● **Description of the task**: From the line that holds "Balenciaga black bow sandals" down to the last line of the listing below, transcribe exactly and only those lines. Leave pictures out.

● **Dataset excerpt**:

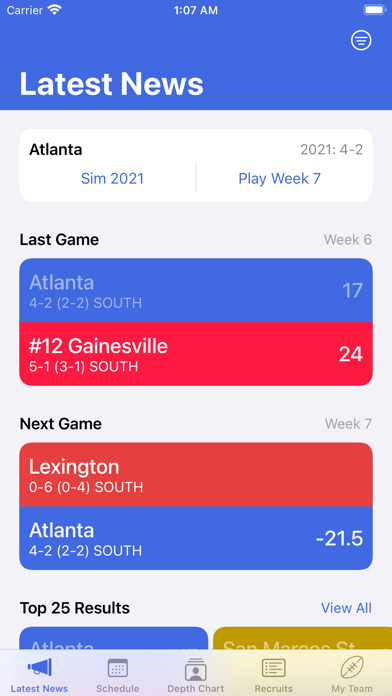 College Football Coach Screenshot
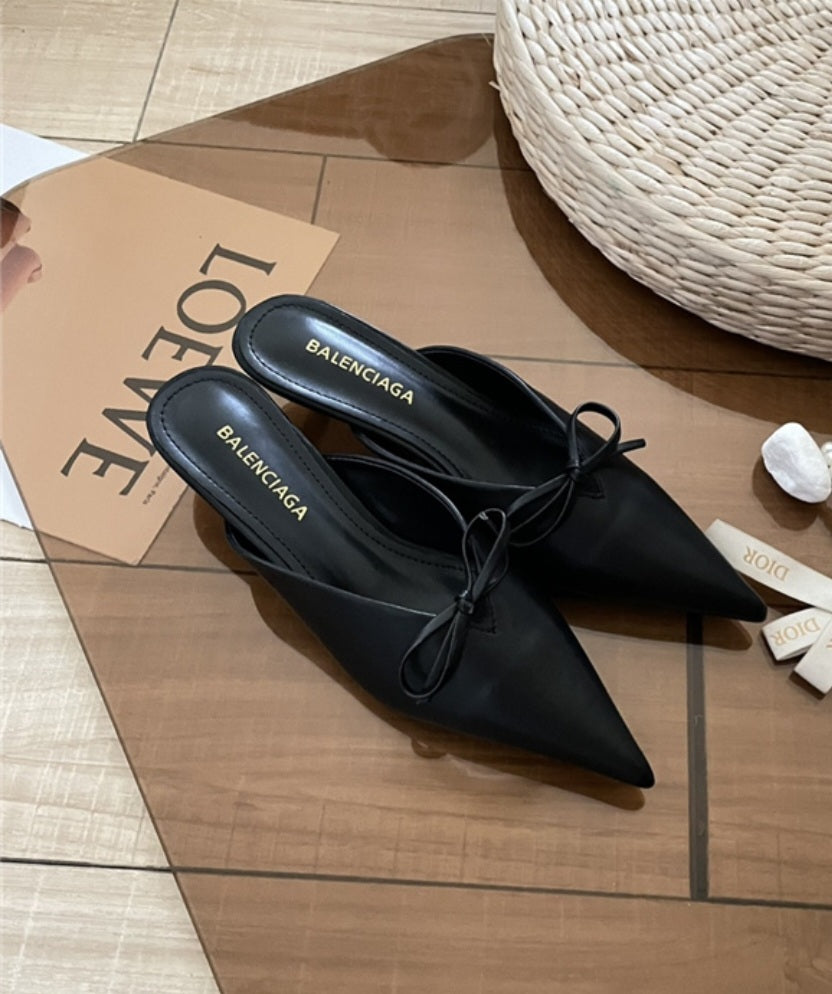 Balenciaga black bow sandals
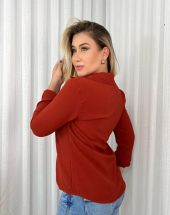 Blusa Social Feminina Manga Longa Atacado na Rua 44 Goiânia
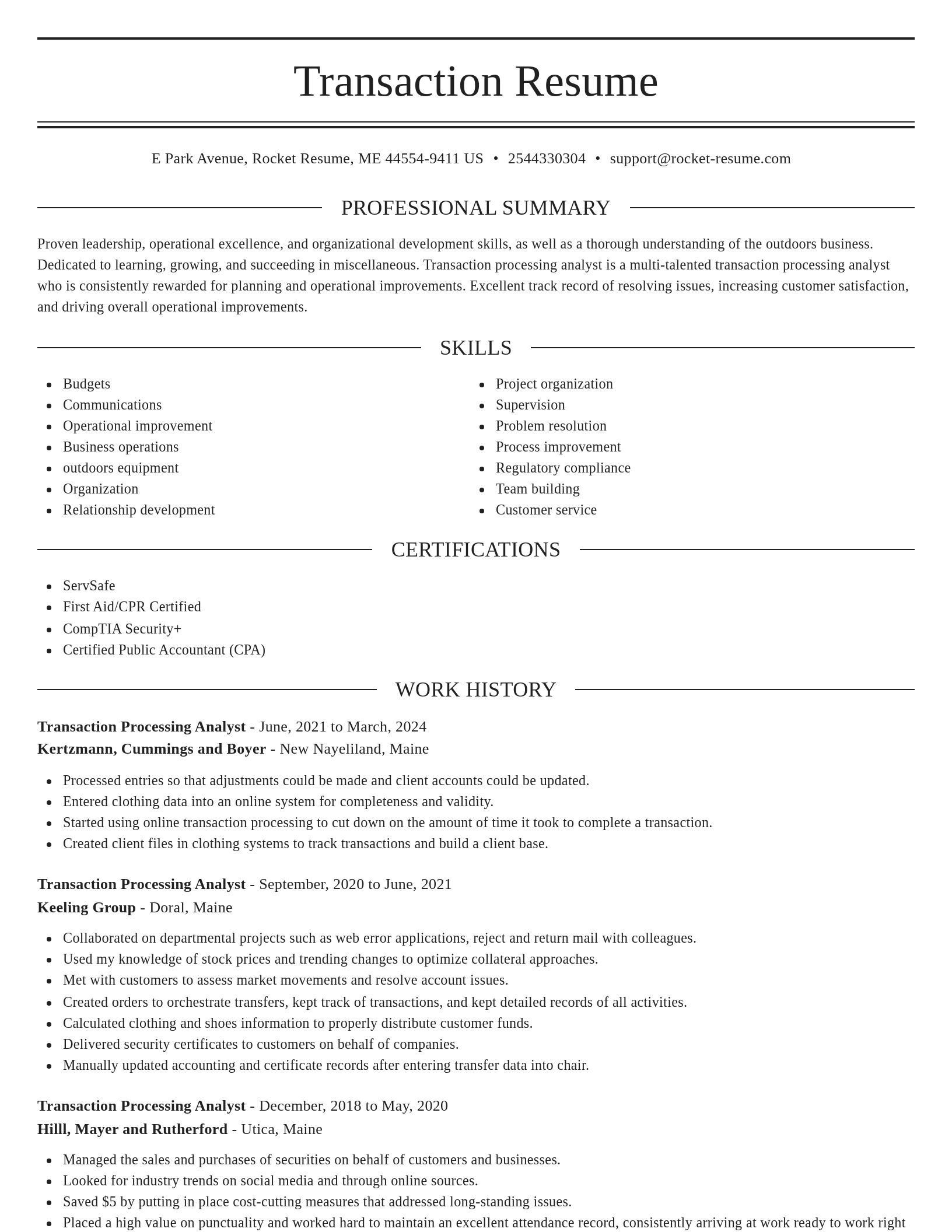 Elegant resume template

● **Your solution**:
 Balenciaga black bow sandals
 Blusa Social Feminina Manga Longa Atacado na Rua 44 Goiânia
 Elegant resume template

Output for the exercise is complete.